Otro problema, muy propio de la forma en que los ingenieros sociales piensan el mundo, fue la idea de que «los pobres» invertirán sus créditos en las cosas que las élites iluminadas esperaban. Pero, como en todos los sistemas paternalistas redistributivos, los planificadores tienden a olvidar que el dinero es fungible. La realidad fue que la mayoría de los préstamos se destinaron al consumo o al pago de necesidades urgentes, y si bien la ayuda social ante el infortunio puede ser valiosa, nada tiene que ver con un plan empresarial a largo plazo que saque a una persona de la pobreza y que no genera el dinero para pagar el préstamo. Las economías informales entienden bien el funcionamiento del riesgo, la deuda y el ahorro, porque su alfabetización financiera proviene de abajo hacia arriba, no al contrario. Lo mejor sería que el Estado les liberara el camino lleno de control, regulación e intervención en lugar de tratar de meterlos en «el sistema» a cualquier costo, con una zanahoria que al final no pueden pagar. El establishment internacional persigue su agenda de inclusión financiera no tanto por amor al excluido sino por ampliar su potencia de control, pero para los no bancarizados las prioridades suelen ser otras.

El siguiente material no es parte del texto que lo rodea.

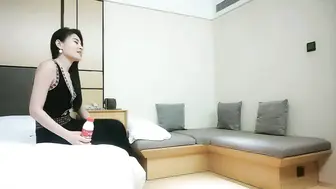 探花偷拍约炮170CM极品外围妹笑起来甜美大长腿镜头前展示口活舔逼抬起美腿抽插，骑乘打桩猛操高清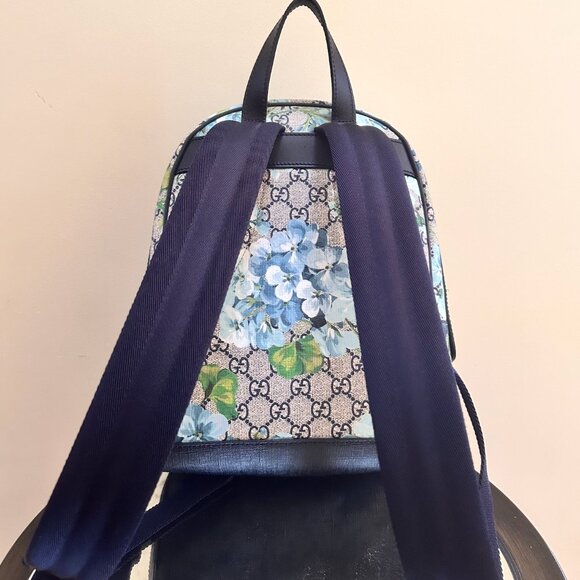 Gucci GG Bloom backpack—Gucci Supreme Canvas Backpack - Picture 2 of 4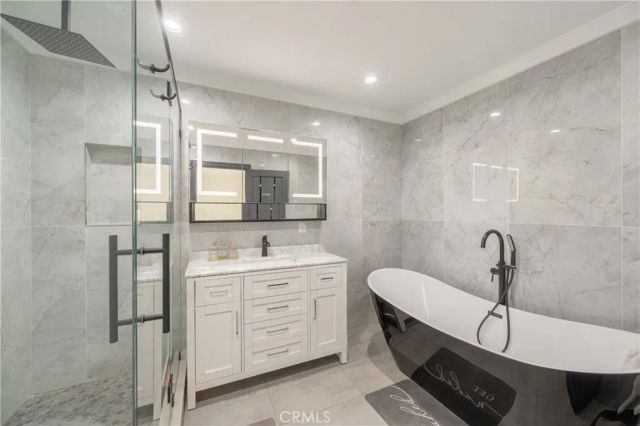 10111 Oso Avenue, Chatsworth, CA 91311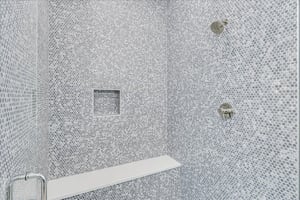 Bunk Bathroom, 1st Floor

Este nuevo fracaso intervencionista, nacido de ONU y de su cardumen de corifeos filantrópicos sacó a la luz premisas fundamentales: que no está en manos de los gerentes de la pobreza el reducir la pobreza; que volcar dinero de los contribuyentes como dádiva social no alivia la pobreza, pero empobrece a los sectores productivos; que la filantropía y los negocios son dos cosas muy positivas, salvo que se disfrace a uno por el otro, lo que se convierte en una estafa; y que la riqueza crece cuando los gobiernos dan libertad, no limosna. La historia económica de los países desarrollados muestra que la clave para el crecimiento es la capacidad del sistema para intermediar los recursos escasos en empresas competitivas con potencial de generar riqueza. El modelo de microcrédito envía a los países en la dirección completamente opuesta, absorbiendo recursos financieros y humanos, a esfuerzos improductivos. El microcrédito funcionó como la maleza que absorbe la luz y los nutrientes que necesitan plantas más valiosas, pero de crecimiento lento que lo rodean. La filosofía de este instrumento se basó en una compresión del mundo basada en un frívolo silogismo elitista de que la sociedad, la acción humana y el funcionamiento del mercado se puede centralizar y moldear y, sobre todo, que las pautas de consumo, deseo o, progreso son las que las élites sueñan y diseñan. Pero la realidad es bien distinta y, aun con las mejores intenciones, la soberbia puede hacer mucho daño.